Thomas Peyer: In einem Projekt dieser Art taucht öfter ein neues Problem, ein zusätzliches Risiko auf. Dafür gibt es Lösungen. Aber das Vertrauen der Kooperationspartner darf dabei nicht überstrapaziert werden. Ein intensiver Austausch mit ihnen ist zwingend. Gemeinsam muss man sich immer wieder fragen: Sind wir auf dem richtigen Weg? Können wir die Risiken tragen? Unterstützen wir das Vorhaben noch in corpore? Was ich ebenfalls mitnehme: Eine solche Anlage entsteht nur mit viel Pioniergeist.

Kooperationsprojekt zwischen Energie- und Abfallwirtschaft

Die erste industrielle Power-to-Gas-Anlage der Schweiz wird ab Winter 2021/22 mit Strom aus der Kehrichtverwertung und CO2 aus der Abwasserreinigung jährlich rund 18'000 MWh erneuerbares Gas produzieren und ins Netz einspeisen. Limeco realisiert die Anlage in Kooperation mit acht Schweizer Energieversorgern: Eniwa, Energie Zürichsee Linth, St.
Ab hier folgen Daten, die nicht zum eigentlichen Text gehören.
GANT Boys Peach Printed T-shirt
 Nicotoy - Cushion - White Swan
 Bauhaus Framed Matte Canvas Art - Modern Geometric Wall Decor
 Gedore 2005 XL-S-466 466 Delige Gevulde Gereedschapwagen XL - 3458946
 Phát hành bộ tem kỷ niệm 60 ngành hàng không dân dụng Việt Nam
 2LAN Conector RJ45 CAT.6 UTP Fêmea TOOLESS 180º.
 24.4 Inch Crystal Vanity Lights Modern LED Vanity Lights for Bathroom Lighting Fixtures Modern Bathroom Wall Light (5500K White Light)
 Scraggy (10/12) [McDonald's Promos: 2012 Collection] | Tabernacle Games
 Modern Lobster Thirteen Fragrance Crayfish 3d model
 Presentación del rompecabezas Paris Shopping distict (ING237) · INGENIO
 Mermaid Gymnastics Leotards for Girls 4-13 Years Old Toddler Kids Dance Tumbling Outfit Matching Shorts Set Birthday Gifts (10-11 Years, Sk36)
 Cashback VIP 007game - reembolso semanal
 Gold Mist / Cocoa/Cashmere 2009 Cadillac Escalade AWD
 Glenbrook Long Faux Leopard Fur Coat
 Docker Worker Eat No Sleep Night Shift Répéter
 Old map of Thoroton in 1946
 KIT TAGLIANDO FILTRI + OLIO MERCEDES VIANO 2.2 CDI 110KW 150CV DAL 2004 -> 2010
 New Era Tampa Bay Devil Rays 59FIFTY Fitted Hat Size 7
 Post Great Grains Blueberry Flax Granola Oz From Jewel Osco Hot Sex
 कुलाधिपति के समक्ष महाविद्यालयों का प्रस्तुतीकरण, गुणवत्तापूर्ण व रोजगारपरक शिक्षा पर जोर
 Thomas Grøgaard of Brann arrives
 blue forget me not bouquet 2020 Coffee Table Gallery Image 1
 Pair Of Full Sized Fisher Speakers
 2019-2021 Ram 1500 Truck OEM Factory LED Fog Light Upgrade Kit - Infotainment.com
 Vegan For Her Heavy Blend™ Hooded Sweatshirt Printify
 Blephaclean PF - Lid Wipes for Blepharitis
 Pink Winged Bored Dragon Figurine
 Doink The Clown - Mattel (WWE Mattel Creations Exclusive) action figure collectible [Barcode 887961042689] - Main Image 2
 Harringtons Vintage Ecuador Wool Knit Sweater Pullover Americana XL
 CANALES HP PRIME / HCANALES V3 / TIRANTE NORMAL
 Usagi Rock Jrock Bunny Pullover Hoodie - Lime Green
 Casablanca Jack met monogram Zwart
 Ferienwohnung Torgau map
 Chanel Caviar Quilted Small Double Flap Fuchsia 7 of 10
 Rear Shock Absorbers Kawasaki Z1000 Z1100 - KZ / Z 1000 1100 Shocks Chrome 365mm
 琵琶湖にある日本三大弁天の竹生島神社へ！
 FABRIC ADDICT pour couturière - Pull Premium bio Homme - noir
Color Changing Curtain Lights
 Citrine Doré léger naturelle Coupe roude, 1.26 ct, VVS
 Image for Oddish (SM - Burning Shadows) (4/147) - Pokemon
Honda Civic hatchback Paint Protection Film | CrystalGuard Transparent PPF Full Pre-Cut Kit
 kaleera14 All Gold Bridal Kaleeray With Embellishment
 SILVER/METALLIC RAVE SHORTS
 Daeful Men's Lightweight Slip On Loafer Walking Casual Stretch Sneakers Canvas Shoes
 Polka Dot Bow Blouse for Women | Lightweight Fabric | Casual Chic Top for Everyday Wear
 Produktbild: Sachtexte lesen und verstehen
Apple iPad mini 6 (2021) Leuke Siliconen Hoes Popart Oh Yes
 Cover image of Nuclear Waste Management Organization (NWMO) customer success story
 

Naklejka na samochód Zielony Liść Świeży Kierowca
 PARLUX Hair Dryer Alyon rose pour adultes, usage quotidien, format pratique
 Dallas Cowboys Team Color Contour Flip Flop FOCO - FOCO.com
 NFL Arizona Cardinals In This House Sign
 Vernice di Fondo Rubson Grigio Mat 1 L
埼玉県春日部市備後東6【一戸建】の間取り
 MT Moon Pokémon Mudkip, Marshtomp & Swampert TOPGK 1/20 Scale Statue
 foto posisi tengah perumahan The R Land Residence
Galler Stadtwerke, Energie Wasser Bern, die Gas- und Wasserversorgungen von Dietikon und Schlieren, SWL Energie und Industrielle Betriebe Interlaken. Die Kooperationspartner erwerben die Zertifikate für den ökologischen Mehrwert des erneuerbaren Gases und finanzieren so Bau und Betrieb der Power-to-Gas-Anlage. Swisspower hat das Projekt mitinitiiert.

Das Bundesamt für Energie unterstützt das Projekt im Rahmen seines Pilot- und Demonstrationsprogramms.